◆ Work to complete ◆
Retype the data that follows line by line, exactly, and leave its pictures out.

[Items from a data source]
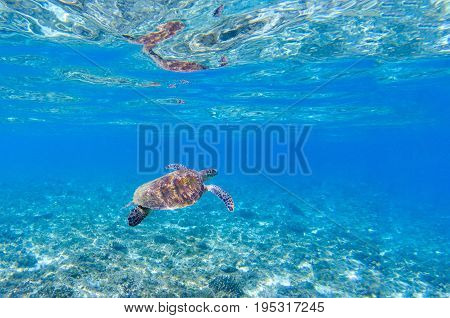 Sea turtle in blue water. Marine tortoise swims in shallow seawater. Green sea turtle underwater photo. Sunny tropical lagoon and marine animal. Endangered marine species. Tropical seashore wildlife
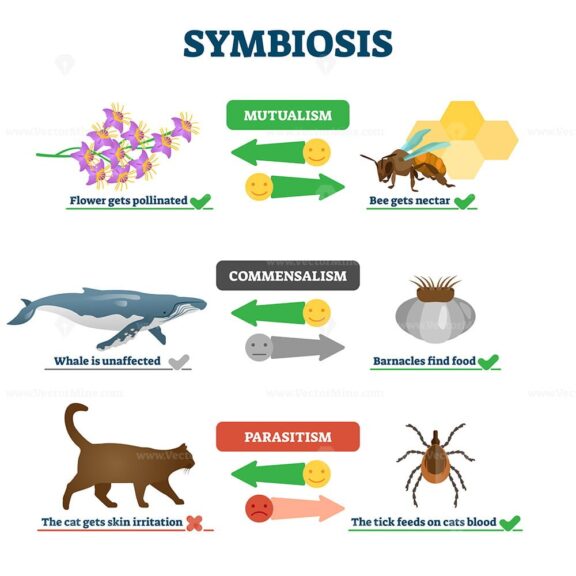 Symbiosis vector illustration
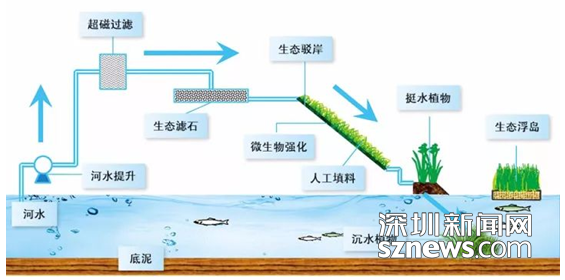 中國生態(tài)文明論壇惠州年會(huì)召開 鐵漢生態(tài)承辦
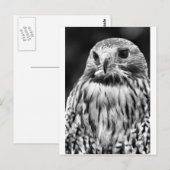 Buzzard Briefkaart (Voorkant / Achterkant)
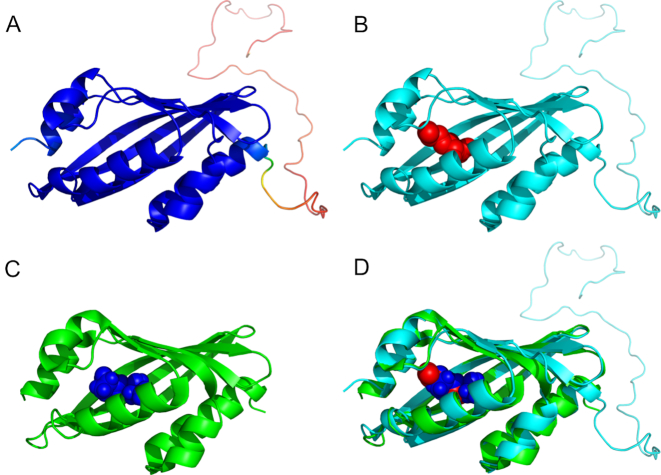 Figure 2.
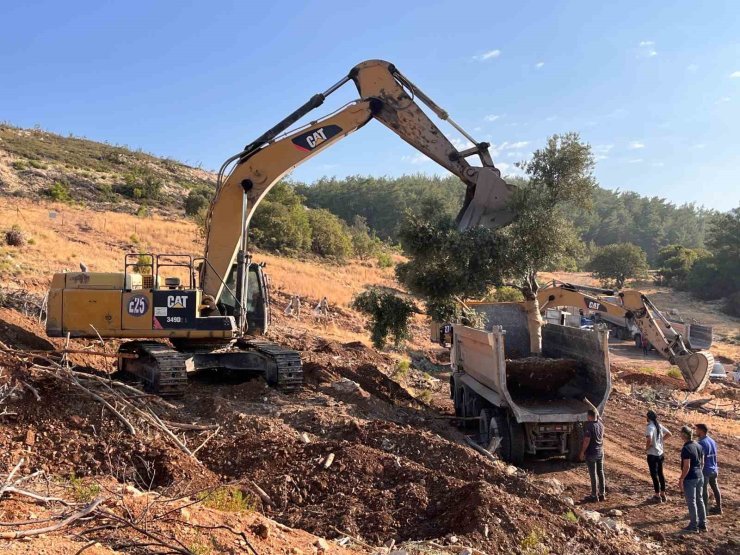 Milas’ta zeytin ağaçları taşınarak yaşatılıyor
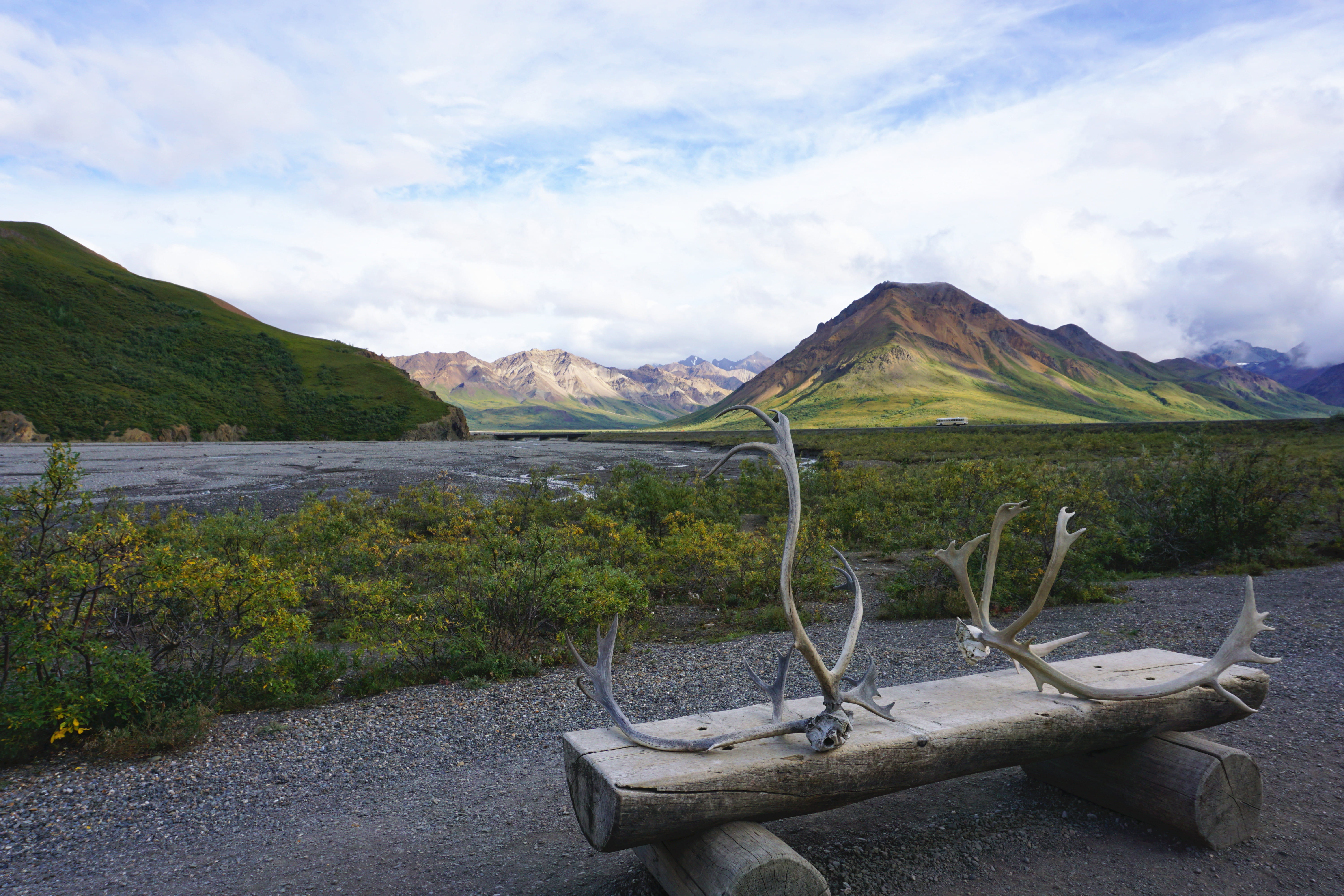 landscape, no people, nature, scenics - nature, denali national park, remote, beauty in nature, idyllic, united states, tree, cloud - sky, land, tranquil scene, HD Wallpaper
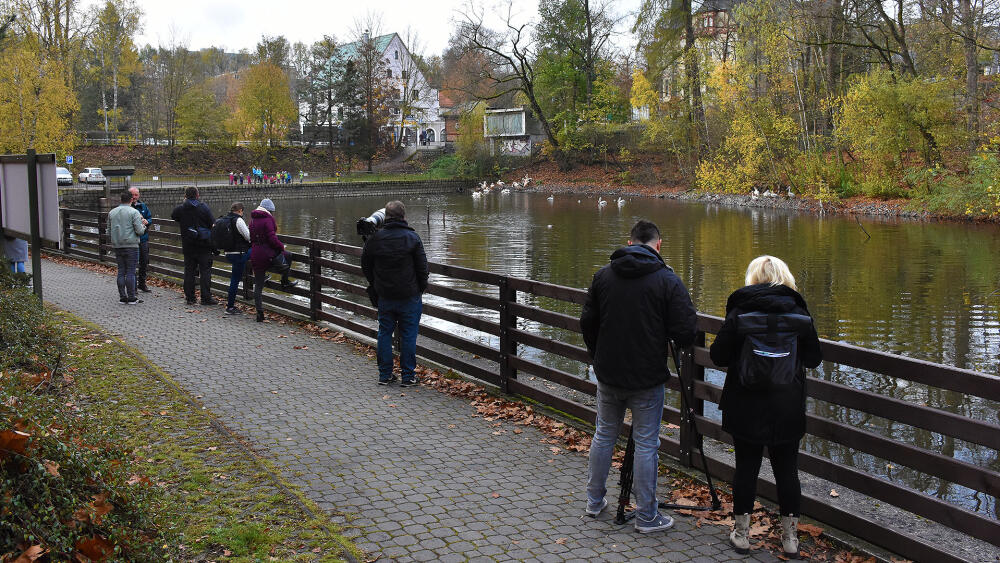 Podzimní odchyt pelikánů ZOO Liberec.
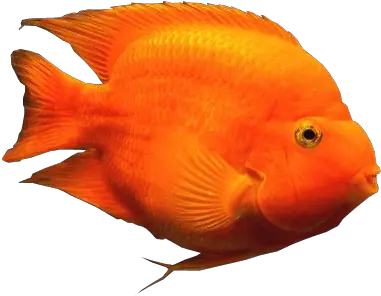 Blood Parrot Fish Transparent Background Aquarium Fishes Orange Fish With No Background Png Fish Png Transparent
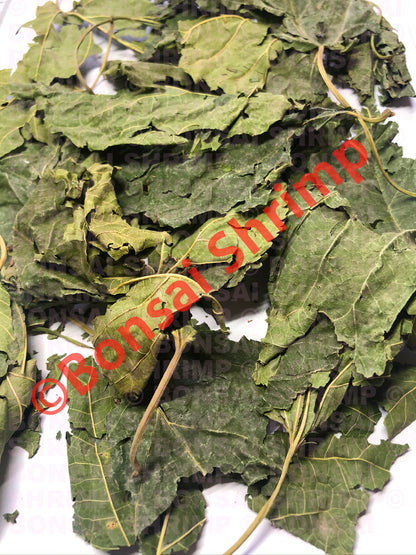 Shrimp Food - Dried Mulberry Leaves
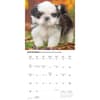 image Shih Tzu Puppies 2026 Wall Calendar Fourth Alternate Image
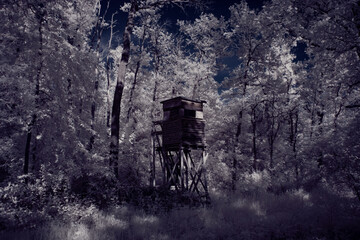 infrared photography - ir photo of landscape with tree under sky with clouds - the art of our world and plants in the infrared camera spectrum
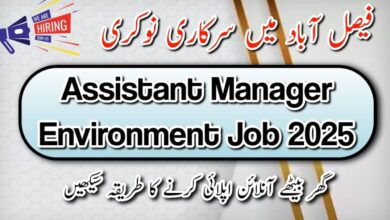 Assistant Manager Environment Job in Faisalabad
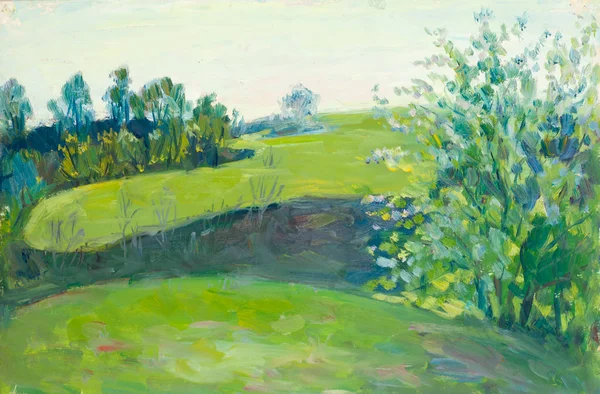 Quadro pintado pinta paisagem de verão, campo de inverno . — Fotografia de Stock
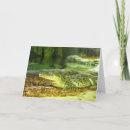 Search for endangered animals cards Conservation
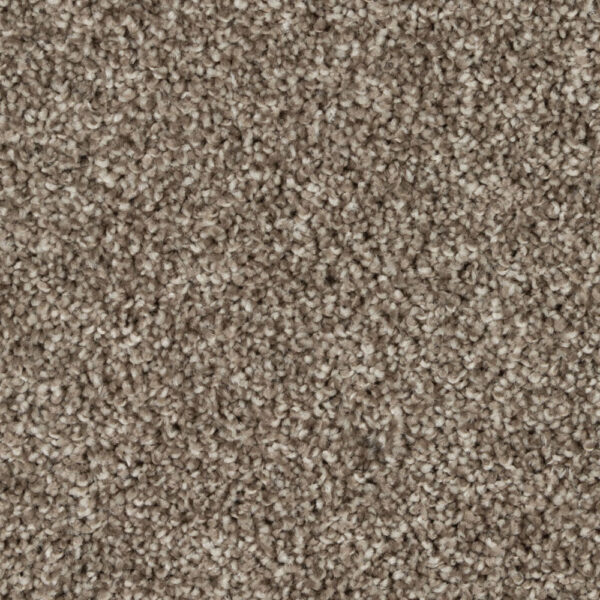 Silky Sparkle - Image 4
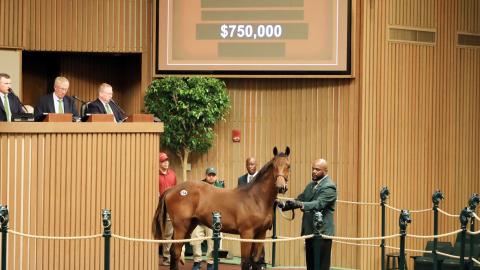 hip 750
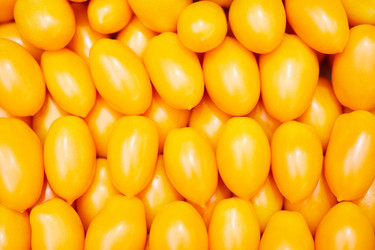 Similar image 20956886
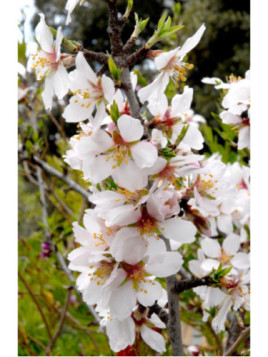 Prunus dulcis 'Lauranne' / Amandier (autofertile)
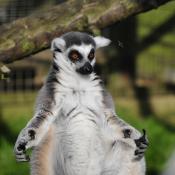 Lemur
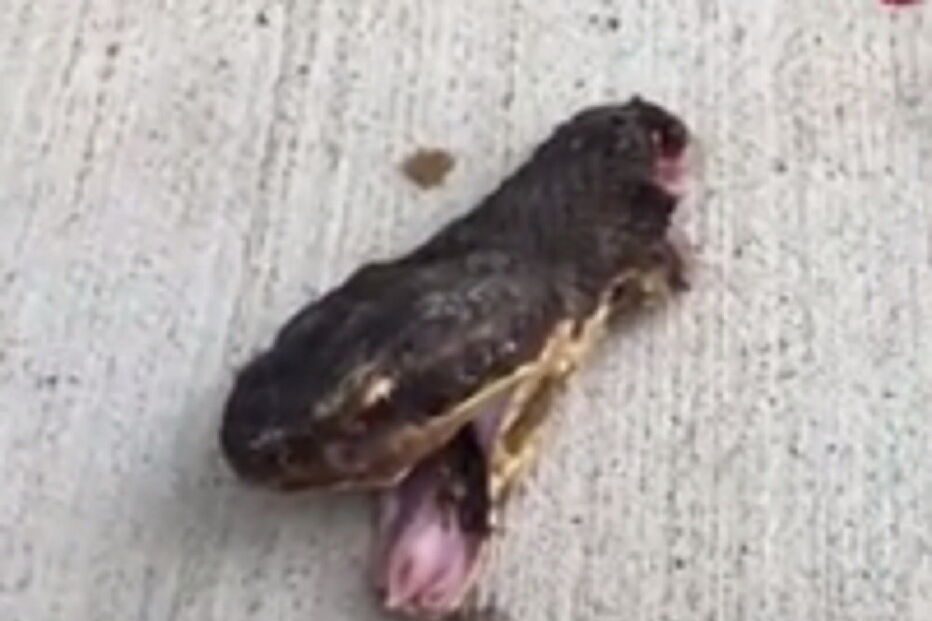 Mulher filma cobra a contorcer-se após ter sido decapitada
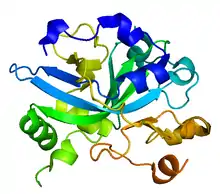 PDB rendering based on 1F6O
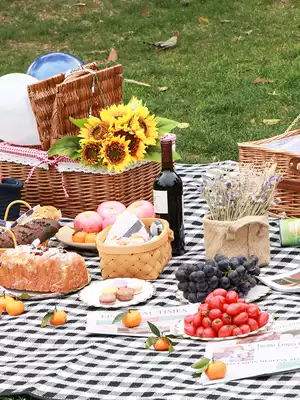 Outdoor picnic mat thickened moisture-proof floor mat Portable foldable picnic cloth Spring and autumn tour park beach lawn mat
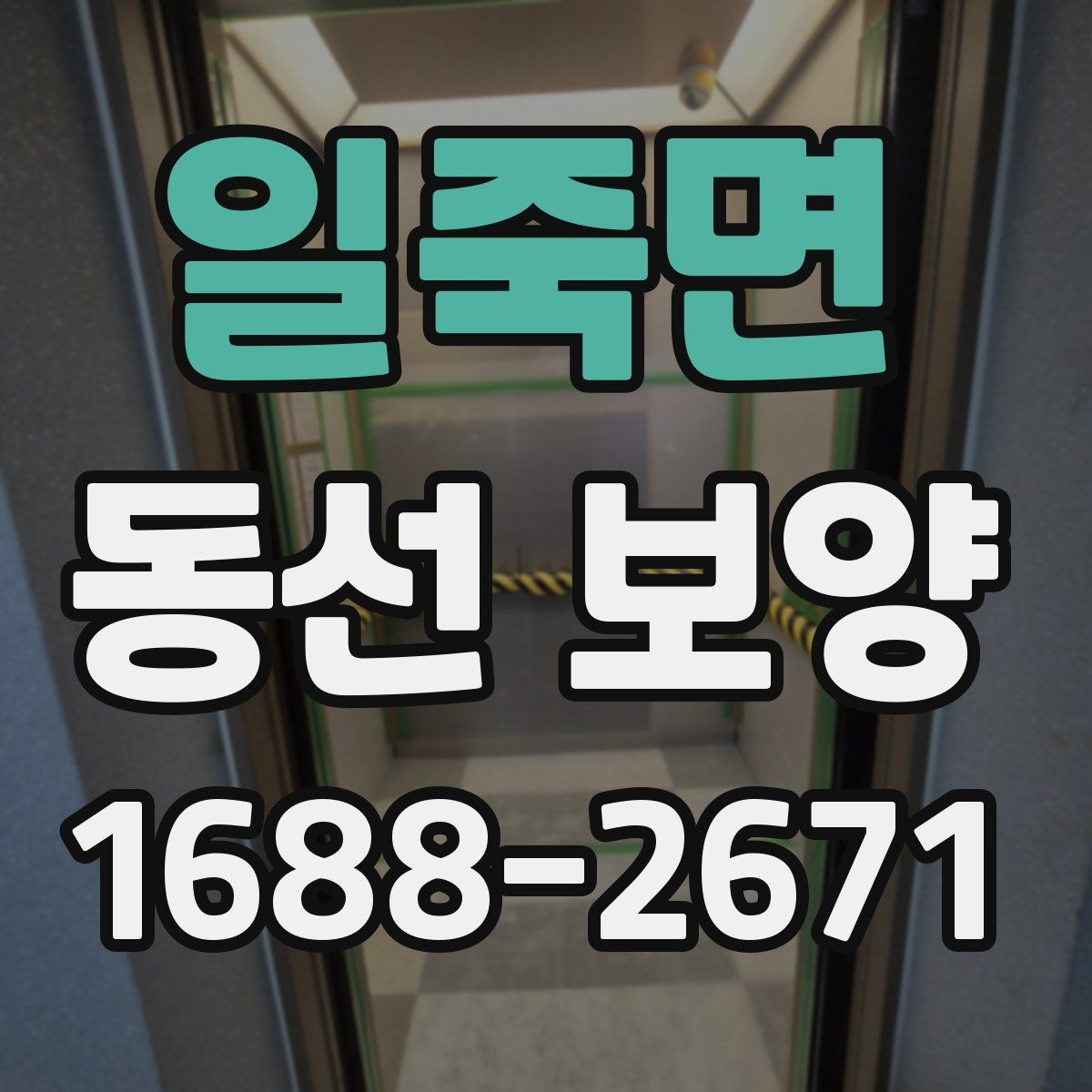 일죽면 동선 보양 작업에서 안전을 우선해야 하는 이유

◆ Expected output ◆
 Sea turtle in blue water. Marine tortoise swims in shallow seawater. Green sea turtle underwater photo. Sunny tropical lagoon and marine animal. Endangered marine species. Tropical seashore wildlife
 Symbiosis vector illustration
 中國生態(tài)文明論壇惠州年會(huì)召開 鐵漢生態(tài)承辦
 Buzzard Briefkaart (Voorkant / Achterkant)
 Figure 2.
 Milas’ta zeytin ağaçları taşınarak yaşatılıyor
 landscape, no people, nature, scenics - nature, denali national park, remote, beauty in nature, idyllic, united states, tree, cloud - sky, land, tranquil scene, HD Wallpaper
 Podzimní odchyt pelikánů ZOO Liberec.
 Blood Parrot Fish Transparent Background Aquarium Fishes Orange Fish With No Background Png Fish Png Transparent
 Shrimp Food - Dried Mulberry Leaves
 image Shih Tzu Puppies 2026 Wall Calendar Fourth Alternate Image
 infrared photography - ir photo of landscape with tree under sky with clouds - the art of our world and plants in the infrared camera spectrum
 Assistant Manager Environment Job in Faisalabad
 Quadro pintado pinta paisagem de verão, campo de inverno . — Fotografia de Stock
 Search for endangered animals cards Conservation
 Silky Sparkle - Image 4
 hip 750
 Similar image 20956886
 Prunus dulcis 'Lauranne' / Amandier (autofertile)
 Lemur
 Mulher filma cobra a contorcer-se após ter sido decapitada
 PDB rendering based on 1F6O
 Outdoor picnic mat thickened moisture-proof floor mat Portable foldable picnic cloth Spring and autumn tour park beach lawn mat
 일죽면 동선 보양 작업에서 안전을 우선해야 하는 이유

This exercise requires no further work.